Question 6. Did God then create man so wicked and perverse? 

Answer. By no means; but God created man good, and after His own image, in true righteousness and holiness, that he might rightly know God his Creator, heartily love Him, and live with Him in eternal happiness to glorify and praise Him. 

Question 7. Whence then proceeds this depravity of human nature? 

Answer. From the fall and disobedience of our first parents, Adam and Eve, in Paradise; hence our nature is become so corrupt, that we are all conceived and born in sin. 

Question 8. Are we then so corrupt that we are wholly incapable of doing any good, and inclined to all wickedness? 

Answer. Indeed we are, except we are regenerated by the Spirit of God.

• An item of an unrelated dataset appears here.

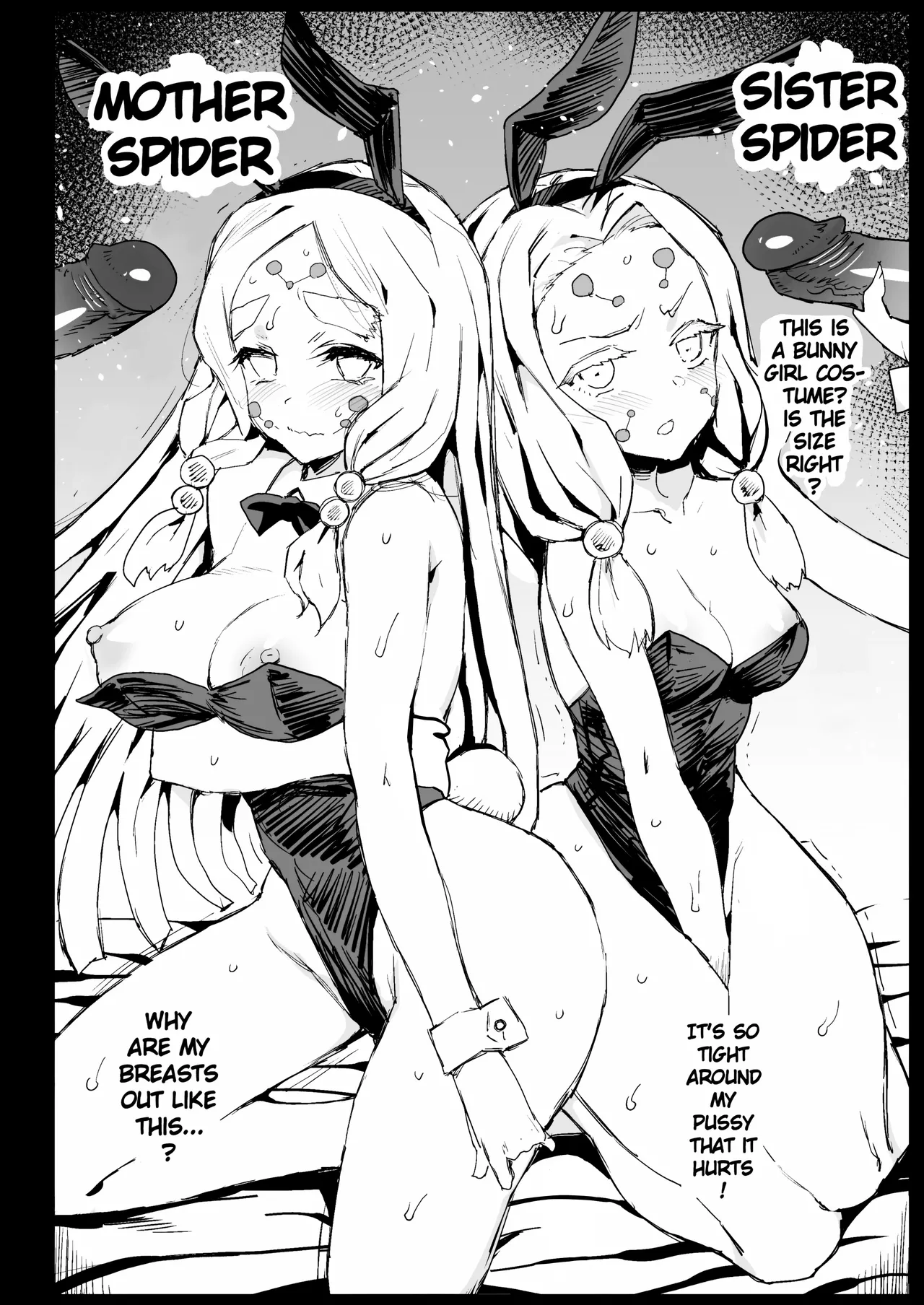 RAPE OF DEMON SLAYER 4 | Making a Mess of Lady Muzan-sama page 42 kimetsu no yaiba parody - group double penetration hentai manga - read online free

Following the first two Lord's Days of the catechism, Lord's Day Three digs deeper into our misery. The first Lord's Day shows us that, if we are to enjoy the comfort of belonging to Jesus our Savior, we must first know our misery. The second Lord's Day begins a diagnosis of man's misery with a personal question, "How do you know your sin?" and it shows us, from the law of God, that we are sinners. Now Lord's Day Three shows us how bad our sins and sinfulness are by teaching us the doctrine of Total Depravity. It does not leave us with any wiggle room to blame God, or to blame our first parents, or anyone else, but shows us that, because we are sinful in our nature, we ourselves are guilty before God. But, however negative this may seem, the purpose is positive, namely, to lead us into understanding the riches of God's grace.

How Bad Is Our Depravity?

Notice, our depravity is not couched in nice terms in the catechism. Far from flattering or making people feel good, the Catechism tells us that we are "prone by nature to hate God and the neighbor," and we are described as "so wicked and perverse," and "so corrupt that we are wholly incapable of doing any good and inclined to all wickedness." Our depravity is not simply a flaw, an evil streak in something that is otherwise good. Human sinfulness is not just a sickness, partially cured by common grace. But our depravity is absolute, it is complete, it is total. It is impossible for man, apart from saving grace, to do any good in the eyes of God. Unless a work is done out of faith, and in love for God, it is sin. 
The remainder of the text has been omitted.